Highlighted

Slow SLP Duplication Jobs

hi ,

Im using SLP policies ( backup to disk -Local Disk then duplicate to tape -IBM TS), recently duplication jobs take a lot more time to complete ( around 10-12 hours for each) when i check Netbackup i can see it will find right media right away and loads it in tape drive very fast but the duplication job will hangs at "Waiting for positioning of Media ID" for about 10 hours.

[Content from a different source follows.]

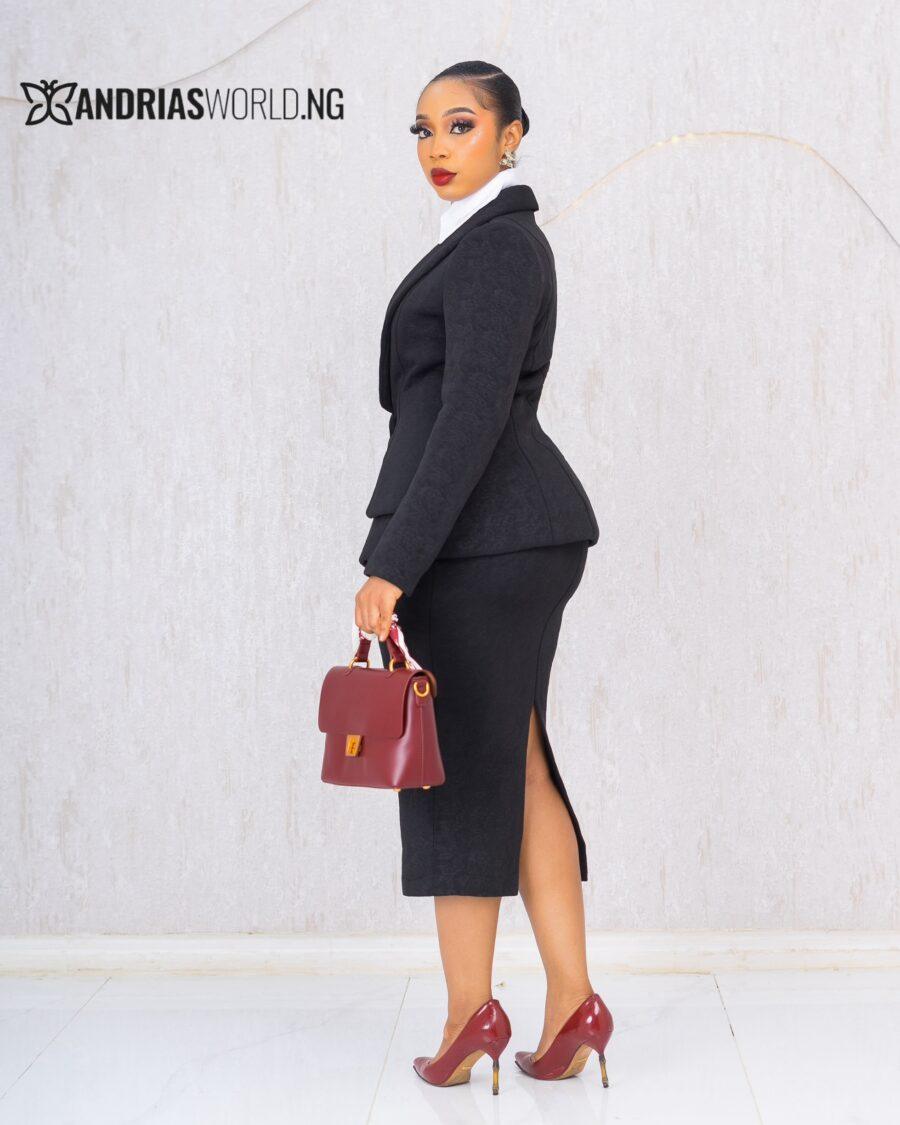 BLACK SCUBA SKIRT SUIT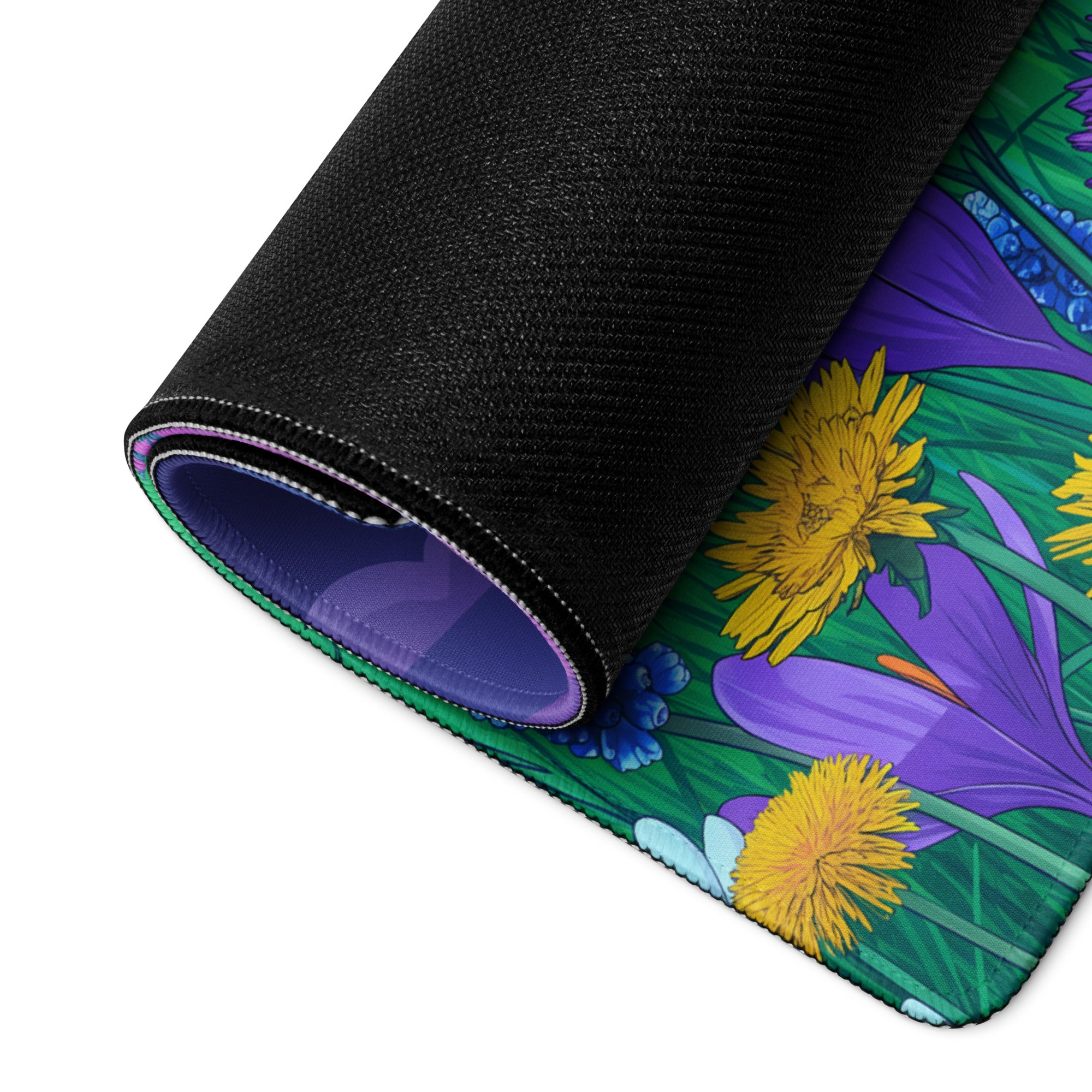 Vaporwave Garden Glow Mouse Pad - Mouse Pad Purple Blue Desk Setup Vaporwave Neon Aesthetic Dreamy Mood Digital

any help here would be apperciated.

thanks!

NBRB logs attached to this post.

Netbackup 7.7

Windows Server 2012 R2

IBM TS Series LTO-6

 

23 Replies
Highlighted

Re: Slow SLP Duplication Jobs

and it's happening to all duplicate backups VM - WIndows .... but when i run direct backup to tape everything works fine.

Highlighted

Re: Slow SLP Duplication Jobs

This sounds like a hardware issue.
I have seen something similar where the tape drives (same make/model) had different levels of firmware.
Media that was written by newer firmware was later on loaded in a drive with older firmware. 
The drive with older firmware was battling to position the media and eventually fail with 'media position error'. 

Can you confirm firmware levels on tape drives?
How old are the tapes? Can you see different behaviour between old (reused) tapes and new media? 

By the time you see 'waiting for positioning'  bptm process on the media server is waiting for tape drive to position and report back success.
We need bptm log to see why positioning is taking so long and not produce an error much earlier. 

bptm log on the media server should be at fairly high logging level - 3 at a minimum. Level 5 will probably be best.

Ensure that you also have VERBOSE entry in vm.conf on the media server.
Restart Device Management service after adding this entry.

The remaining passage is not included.